2025 is the year of Agentic AI. OpenAI's Agents SDK, Anthropic's MCP (Model Context Protocol), LangGraph, CrewAI—the toolchain for building AI Agents is maturing fast. Even more significant: the Linux Foundation just launched the Agentic AI Foundation (AAIF)[1] to drive open standards and tools for AI agents, with founding contributions from Anthropic (MCP), Block (goose), and OpenAI (AGENTS.md).
But as teams ship more agents to production, two questions keep coming up: How do you debug an agent that's misbehaving? How do you optimize one that's underperforming?
That's what Agent Observability is all about.

This space has exploded over the past year. Datadog launched AI Agent Monitoring at DASH 2025[2]. OpenTelemetry is developing GenAI Semantic Conventions[3]. Specialized platforms like LangSmith and Langfuse are gaining serious traction. All of this raises a fundamental question: Can traditional observability—the "three pillars" of Metrics, Logs, and Traces—still cut it? Or do we need something entirely new?
Here's our take: The old playbook still works, but it needs new plays. And when you look closely at what those new plays require, you'll see they point toward a deeper shift—Observability 2.0.

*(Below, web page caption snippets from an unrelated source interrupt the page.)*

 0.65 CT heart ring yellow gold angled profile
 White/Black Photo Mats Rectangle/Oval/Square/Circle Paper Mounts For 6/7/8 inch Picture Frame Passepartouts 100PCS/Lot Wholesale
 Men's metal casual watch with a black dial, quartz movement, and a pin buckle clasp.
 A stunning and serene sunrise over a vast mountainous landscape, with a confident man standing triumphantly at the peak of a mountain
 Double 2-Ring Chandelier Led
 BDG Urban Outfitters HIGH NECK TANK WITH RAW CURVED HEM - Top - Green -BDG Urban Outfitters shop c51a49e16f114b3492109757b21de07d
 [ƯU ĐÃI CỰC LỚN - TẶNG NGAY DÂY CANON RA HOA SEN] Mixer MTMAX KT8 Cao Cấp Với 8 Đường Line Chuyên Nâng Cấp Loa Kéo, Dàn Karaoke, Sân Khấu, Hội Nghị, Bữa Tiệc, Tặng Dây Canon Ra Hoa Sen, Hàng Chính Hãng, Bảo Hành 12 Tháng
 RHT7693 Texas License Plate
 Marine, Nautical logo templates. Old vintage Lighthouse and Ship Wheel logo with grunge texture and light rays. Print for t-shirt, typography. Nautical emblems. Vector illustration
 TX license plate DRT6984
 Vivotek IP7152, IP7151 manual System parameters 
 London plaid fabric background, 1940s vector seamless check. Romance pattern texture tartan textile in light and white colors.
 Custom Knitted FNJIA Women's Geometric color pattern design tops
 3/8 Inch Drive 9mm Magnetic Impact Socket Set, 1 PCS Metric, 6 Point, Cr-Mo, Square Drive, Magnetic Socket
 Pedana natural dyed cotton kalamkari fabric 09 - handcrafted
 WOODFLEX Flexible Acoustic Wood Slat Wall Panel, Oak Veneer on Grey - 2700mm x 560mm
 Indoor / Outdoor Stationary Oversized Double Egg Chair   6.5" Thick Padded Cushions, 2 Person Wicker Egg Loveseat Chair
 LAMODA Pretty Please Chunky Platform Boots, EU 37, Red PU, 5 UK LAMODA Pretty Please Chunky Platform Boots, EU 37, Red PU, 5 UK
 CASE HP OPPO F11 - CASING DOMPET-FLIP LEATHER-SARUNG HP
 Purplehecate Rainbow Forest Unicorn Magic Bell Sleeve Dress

The Old Playbook: Traditional Observability Still Applies
Good news first: we don't need to throw out existing observability frameworks.
The three pillars remain valid. Agent applications still need:
- Metrics: token usage, call latency, cost tracking
- Logs: prompts, responses, tool outputs
- Traces: agent execution flows, multi-step reasoning paths
OpenTelemetry is becoming the standard for GenAI. OTel's GenAI Semantic Conventions are now part of the official spec (v1.37+), defining attributes like gen_ai.request.model, gen_ai.usage.input_tokens, and gen_ai.provider.name[4]. Platforms like Datadog and Langfuse already support these natively.
Traces are essentially a special form of structured logging. — [5]
Agent observability isn't about replacing what we have—it's about extending it.
The real question is: how far do we extend? What new capabilities do we need? That's where things get interesting. This article will explore and address these questions.
New Plays (Part 1): The Data Shape Has Changed
The Semi-Structured Data Explosion
Traditional observability deals with fairly clean data types:
- Structured Metrics: numerical time-series with fixed schemas
- Unstructured Logs: free-form text streams
- Structured Traces: span trees with clear hierarchies
Agents generate something different: massive amounts of semi-structured data.
| Data Type | What It Looks Like |
|---|---|
| Prompts | Text + template variables + system instructions + injected context |
| Tool Calls | Function names + dynamic parameters (often nested) + varied return structures |
| Memory State | Key-value pairs + complex nesting + evolving over conversations |
| Multi-turn Context | Conversation history + role identifiers + metadata |
A typical agent execution event might contain dozens or even hundreds of fields. Each tool call can return a completely different structure.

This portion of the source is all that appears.